Pies are a familiar, fairly easy and perfectly authentic dish to take to a medieval potluck. I have included two of my favourite standbys, with the original recipes and my version.

Tart in Ymbre Day

Ember Days were fast days when meat was forbidden but dairy products were OK. This is a basic vegetarian quiche!

Take and perboil onyons & erbis & presse out the water & hewe hem smale. Take grene chese & bray it in a morter, and temper it up with ayren. Do therto butter, safroun & salt, and raisouns corauns, & a litel sugur with powdour douce, & bake it in a trap, & serve it forth.
Form of Curye (a 14th-century English cookbook).

My version:
You'll need a blind-baked tart case ("trap"); I use basic shortcrust pastry with a bit of saffron and an egg-yolk. Line with baking paper, fill with beans or rice, and prebake it at 200 degrees for about 10 mins.
Parboil one large onion, drain and chop. Add "erbis", herbs - fresh ones work better, I tend to use thyme and marjoram, but use your favourites.
The recipe specifies "grene chese"; other versions of this recipe suggest "good fat cheese", which I read as a slightly softer cheese, I habitually use a mixture of 1 tub cottage cheese and about a cup of grated cheddar. Mix this well, adding 3-4 eggs.
Add about 3 tblsp butter (it works better if you partially melt it in the microwave), a pinch of salt, a few strands of saffron, about half a cup of currants, two tsp sugar, half a tsp ginger and half a tsp cinnamon. (Poudre douce is literally sweet powder; it was a spice mixture containing sugar and the less pungent spices. Poudre fort, the strong mixture, would contain pepper, etc.)
Mix well and pour into the pastry case (having first removed the paper and baking beans!). Bake at about 180 degrees until the top has browned slightly and a knife comes out clean.
There are several different versions of this dish in various English medieval cookbooks; as well as using different types of cheese, some omit the currants, others specify which spices to use.

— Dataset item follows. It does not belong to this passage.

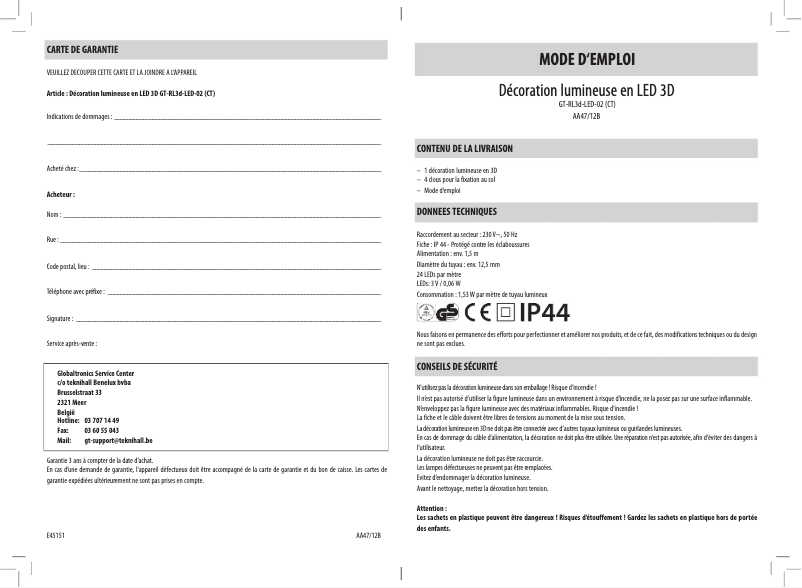 Image de la première page du manuel de l'appareil GT-RL3d-LED-02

I have also had good results using ricotta, or a mixture of cheddar and mozzarella, in place of the cheddar and cottage cheese. For Duke Cariadoc's version, see Cariadoc's Miscellany

Champignons en paste

Mushrooms of one night are the best, if they are small, red inside and closed at the top; and they should be peeled and then washed in hot water and parboiled, and if you wish to put them in a pasty add oil, cheese, and spice powder.
Le Menagier de Paris (14th century French)

My version:
These are basic and rather yummy cheese and mushroom pasties. I make them quite small, for eating convenience. One punnet of mushrooms to about a cup of grated cheddar seems to work quite well.
Wash the mushrooms (if they're not the tiny ones), parboil very lightly, chop and mix with cheese, a couple of tablespoons of olive oil, salt, pepper, and a teaspoon of ginger.
I use a basic shorcrust pastry (again, I add saffron and an egg yolk); the pasties look very authentic if you cut circles of pastry, fold them in half over the filling, and crimp the edges.
Bake at about 200 degrees until they're brown. Make sure that you seal the pastry properly, the filling tends to bubble out.